Brett-Pierce admitted that her daughter “hot lost weight” in the months before she died.

“To me, at the time, it didn’t look bad,” the mother said of her daughter’s weight. “She looked like a child who wasn’t sitting on her booty in the hospital all day. She was outside running around for the first time in her life.”

District Attorney Charles Hynes also charged two city Administration for Children’s Services workers for allowing the alleged torture to continue by not bothering to follow up on Marchella’s case — a point defense attorney Alan Stutman raised during his opening statements, where he laid most of the blame on city social service agencies who were responsible to check on the child’s condition.

Reputed hit man cleared of murder

Jurors split the difference on two men accused of being Colombo crime family assassins — they convicted them of racketeering, but not of a string of murders, including the slaying of Sheepshead Bay cop Ralph Dols.

A Brooklyn federal jury acquitted Thomas “Tommy Shots” Gioeli and Dino “Little Dino” Saracino of the Dols murder, as well as several others, when the verdict was reached on May 9.

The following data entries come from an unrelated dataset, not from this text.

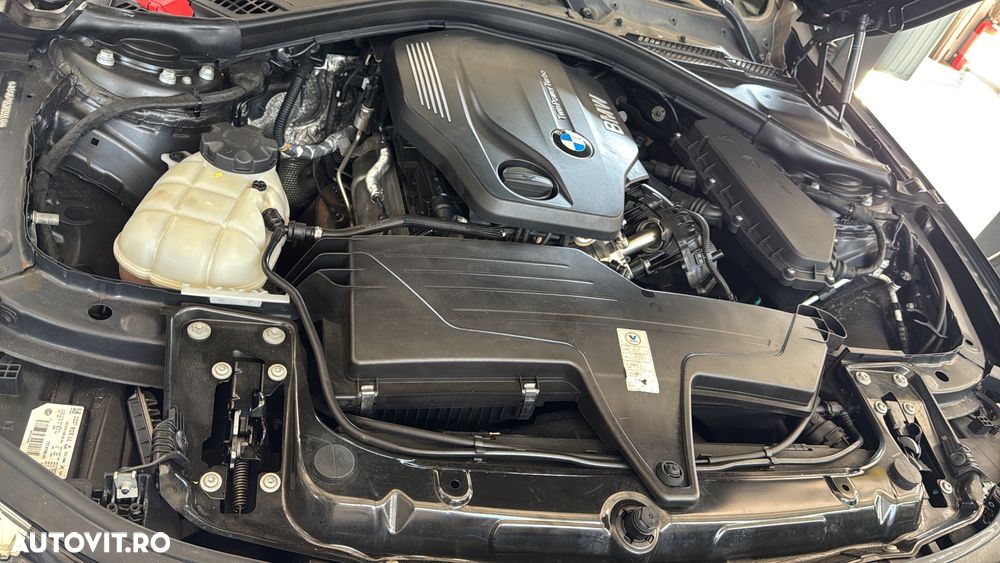 BMW Seria 3 320d AT MHEV - 17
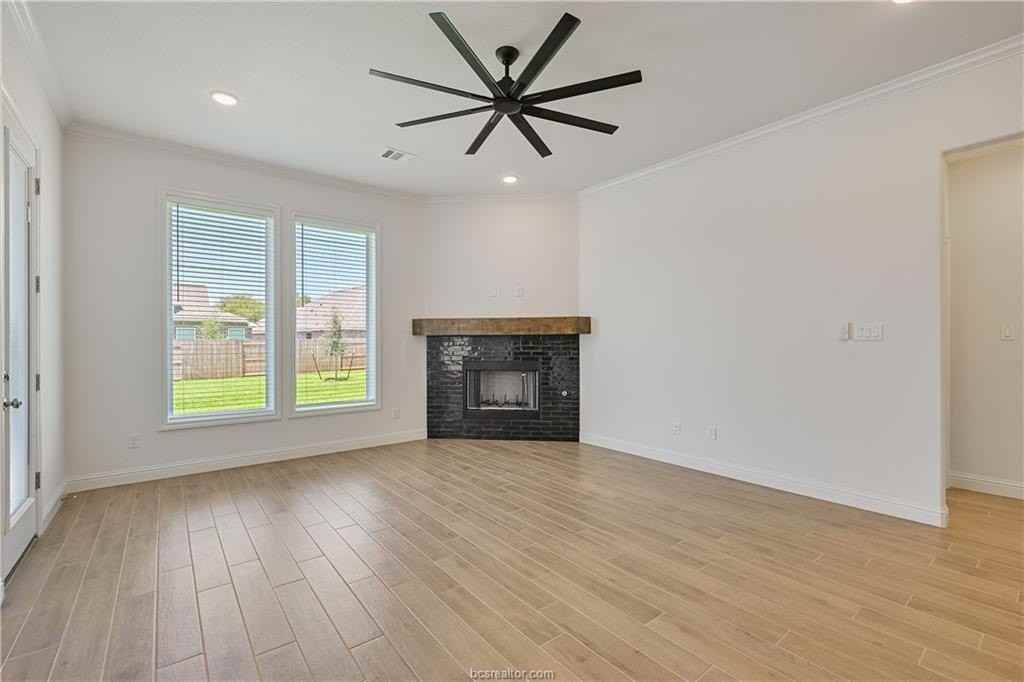 3709 Lamar Hollow Ct - Photo 6 of 32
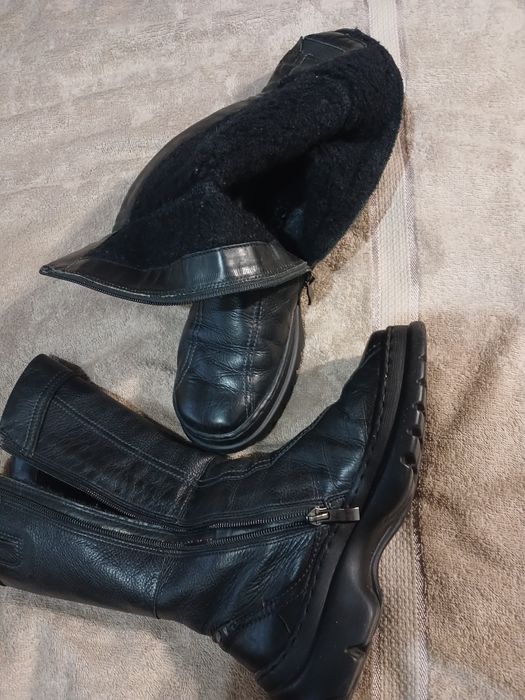 Женские кожанные сапожки.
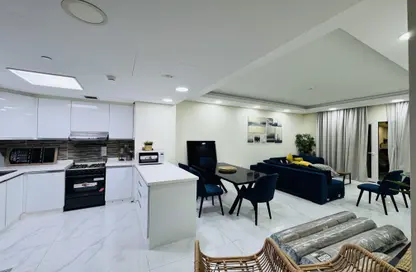 شقة - 2 غرف نوم - 3 حمامات للايجار في جنوب فوكس هيلس - فوكس هيلز - الوسيل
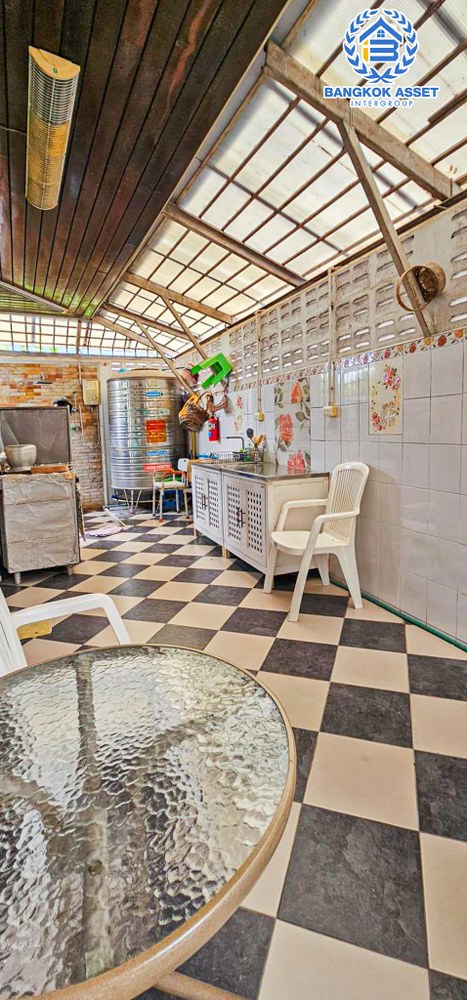 *****บ้านเดี่ยวมือสอง โครงการ กอบแก้ว กาญจนาภิเษก หลังมุม เนื้อที่ 90 ตร.ว. ฟังก์ชัน 3 ห้องนอน 3 ห้องน้ำ 2 ที่จอดรถ พร้อมเข้าอยู่ บนทำเลเดินทางสะดวก เชื่อมต่อถนนกาญจนาภิเษก ถนนคลองถนน ถนนแก้วอินทร์ ใกล้โครงการรถไฟฟ้าสายสีม่วง "สถานีคลองบางไผ่" และจุดขึ้นทางด่วน "ศรีรัช"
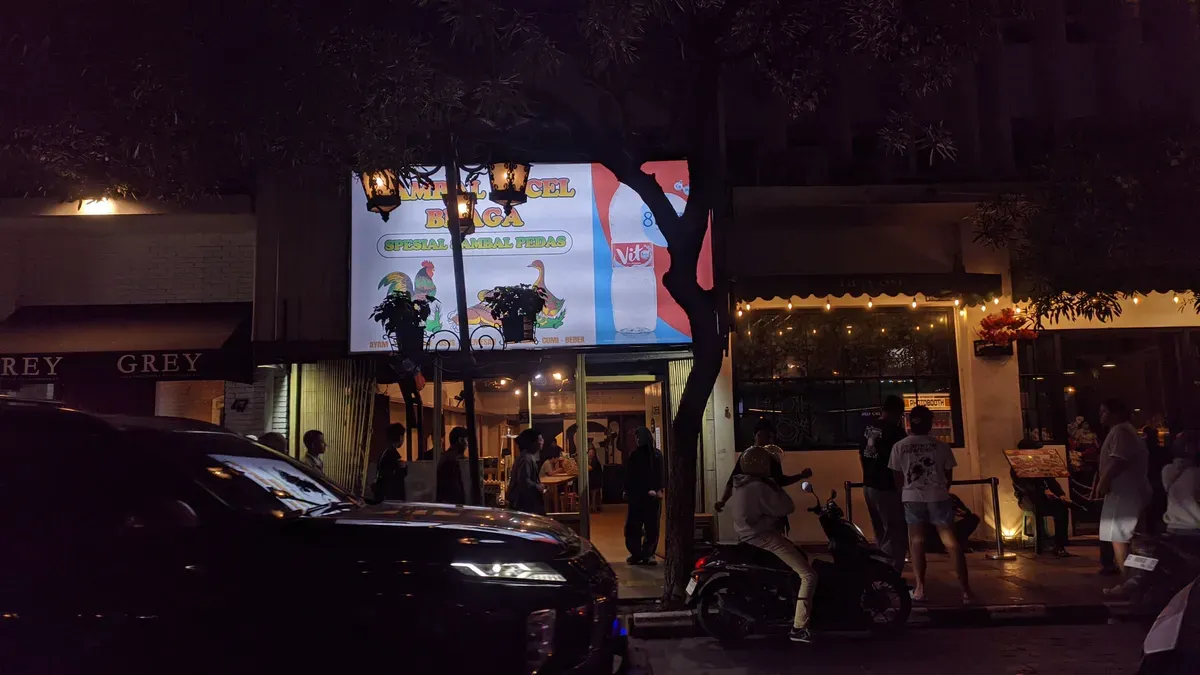 Sambel Pecel Braga di tengah hiruk pikuk perkotaan Bandung. (Foto: Fathiya Salsabila)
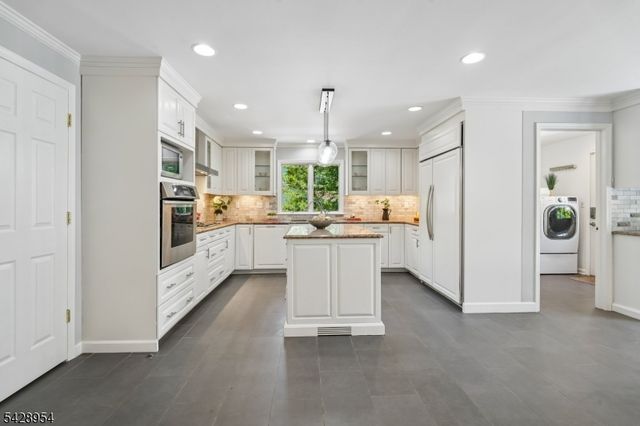 201 Parsonage Hill Rd, Millburn Twp., NJ 07078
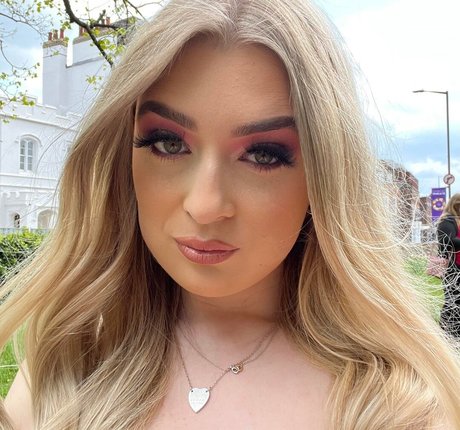 Alex Estelle étoile hd galerie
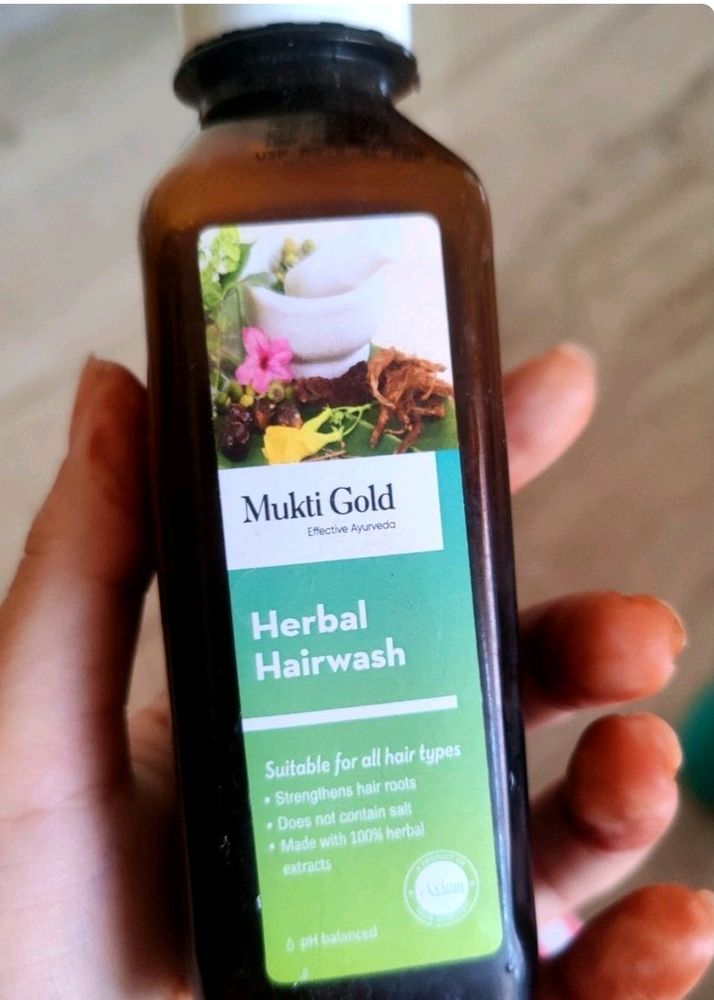 Shampoo Best For Hair Flaws Control And Growth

Both men were charged with racketeering and are facing 20 years in prison as a result.

Prosecutors claim that Gioeli and Sarcino killed Dols after opening fire on the off-duty cop as he left the apartment he shared with Kimberly Kennaugh, the ex-wife of then-Colombo acting boss Joel Cacace.

Cacace reportedly ordered the hit against Dols — even though he was an NYPD housing cop — because he felt disrespected that his ex-wife was sleeping with a police officer, Posa told the jury.

But Gioeli’s attorneys swatted away the testimony from turncoat mobsters — claiming that they were trying to save their own skin.

Kennaugh was stunned that Gioeli was going away — but not for Dols’s death.

“How is that possible?” she told the Daily News. “This is unbelievable!”